I guess we all play the game. We know the rules, every one of us. No expensive equipment required and no real skill needed, that’s for sure. The Blame Game, it’s called, and when something bad happens in the world it plays out on every social media feed, every newspaper paragraph and every breathless sentence from every permatanned TV news anchor. Bestselling thriller writer Jeff Abbott (left) convinces us that it’s also very popular in the little Texas town of Lakehaven where, just two years ago, a car carrying two teenage friends plummeted off a lonely road and down into a deep gully.
When the paramedics arrived, all they could do for young David Hall was to get his body clear of the wreckage – and then zip up the body bag. Jane Norton, the driver? Well she got lucky. After a fashion. Multiple broken bones, but nothing fatal. And a major bang to the head, which has left her with partial amnesia. When a suicide note surfaces, written by Jane, the Lakehaven rumour mill starts to grind, and it grinds exceeding small. Obviously, Jane intended to kill herself, and she took David – the trusting, popular, talented, handsome David – down with her.
Two years on, Jane has learned to recognise her mother and her college friends, but as to what actually happened on that dreadful night, nothing. Nada. A big fat blank. This big fat blank makes her the perfect hate figure for many former school and college buddies, and she has shrunk into what is left of herself. She has left home, and is ‘crashing’ in the dorm room of one of the few friends who is still prepared to give her – literally – house room.
Jane and David were inseparable childhood friends. Their parents still live next door to each other. Perri Hall and her soon to be ex- husband Cal no longer speak to Laurel Norton who is also on her own for a different reason. Her husband Brent is three years dead from a gunshot from his own weapon, either intentionally or maybe through a tragic accident; the gossip jury is still out but, like Old Jacob Marley, Brent Norton is as dead as a doornail.
The two year anniversary of David’s death is being commemorated in the modern way, along with other tragedies, baby scans, bad moods, good moods, cute cats, photos of ‘what I had for dinner’ and Trump memes on the (strangely familiar) social media hub, Faceplace. David is the martyr, Jane and her mother equally culpable as the villains.
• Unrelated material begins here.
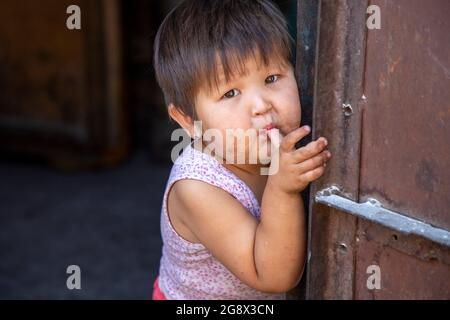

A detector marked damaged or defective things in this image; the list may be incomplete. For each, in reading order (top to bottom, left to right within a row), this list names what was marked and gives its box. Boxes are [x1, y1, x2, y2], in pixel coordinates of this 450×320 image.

rusty metal door [306, 0, 450, 300]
In a nutshell, the novel is an account of Jane’s attempt to find the truth about what actually happened on that dreadful night on High Oaks Road. We have to assume – because we are seasoned readers of crime thrillers – that Jane is innocent of a brutal suicide mission which claimed the life of a boy whose only crime was to be in love. As Jane turns over rock after rock, and unpleasant critters scuttle about, exposed to the light of truth, the novel builds to a dramatic and breathless finale. As might be expected from a writer of Jeff Abbott’s pedigree, he keeps his cards close to his chest, and keeps us guessing until the final few pages.
I particularly loved how Abbott works the Jane character; at the beginning, despite her having suffered a terrible physical trauma, she still comes over as being something of a pain in the butt; as the novel develops, and the web of possible suspects widens, her courage and determination not to take shit from anyone began to grow on me. Remember, as well as having lost her memory, the boy they tell her was her best buddy is also gone, and she has completely forgotten how to talk properly to people. As for normal social and conversational responses, they are also an unfathomable mystery. Blame came out earlier in the year in hardback, but will be available in paperback from 28 December.